何故、人間だけハゲるのか?【コラム】

考える犬

体毛があるのは人間だけではなく、たとえば犬や猫、猿は全身が毛で覆われています。

これらの動物の毛も人間同様、日々生え替わっており、季節によって抜け毛が増えたり減ったりもします。しかし、動物たちの毛は年齢を重ねてもフサフサのままで、人間のようにハゲることはありません。

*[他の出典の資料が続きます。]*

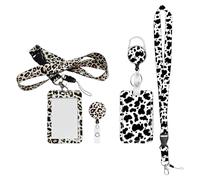 2 Pieces of Leopard Pattern Retractable Id Card Holder, Sliding Buckle Portable Structure, Hard Shell Vertical Design, Detachable Lanyard Combination, Commuter Work Accessories.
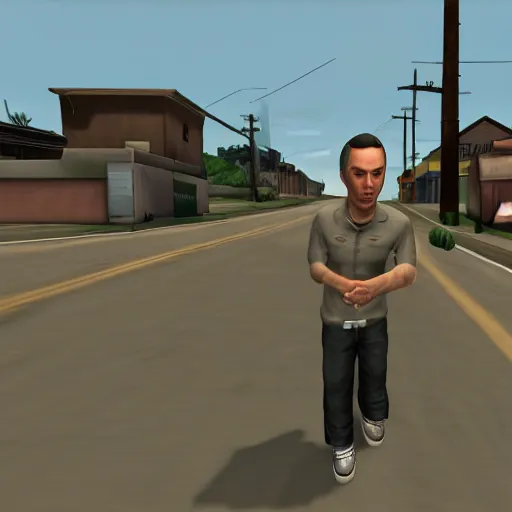 Image similar to sheldon cooper in gta San andreas screenshot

もちろん、病気などの理由で局所的にハゲることはありますが、病気・ケガでもないのにハゲていくのは人間特有の生理現象と言えます。

では、なぜ人間だけがハゲに悩まされるのでしょうか?

人間だけがハゲる理由

人間だけがハゲてしまう原因については諸説ありますが、その中でも有力視されている説は2つあります。

毛を必要としなくなったから

犬や猫などの動物は服を着るという習慣がなく、常に体が外気にさらされています。

そのため、これら動物たちは毛を生やすことで外部からのダメージをブロックしたり、体温を一定に保ったりしています。

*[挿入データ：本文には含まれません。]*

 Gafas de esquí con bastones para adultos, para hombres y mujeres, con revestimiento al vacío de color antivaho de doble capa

一方、現代の人間は衣服を着用するのが習慣となっており、体毛を使って体を守る必要がなくなりました。そのため、不要になった体毛は時を追うごとに劣化し、ついには一部を除いて生えなくなってしまいました。

また、頭部には重要な器官である脳があるので、今でも一応髪の毛に覆われたままですが、古代と違って頭部に衝撃を受ける危険が少なくなった現代、髪の毛の役割はほとんどなくなりました。

実際、血液が栄養素を運ぶ順番でも、髪は優先順位が低く、そのぶん一番衰えやすい部位と言われています。

以上のことから、人間が薄毛に悩まされるのは、文明の進歩に合わせて人間の機能が退化したことが原因と言われています。

動物は短命だから

人間の寿命は医学の進歩によって年々延びており、日本では男性、女性ともに平均寿命が80歳を超える結果となっています。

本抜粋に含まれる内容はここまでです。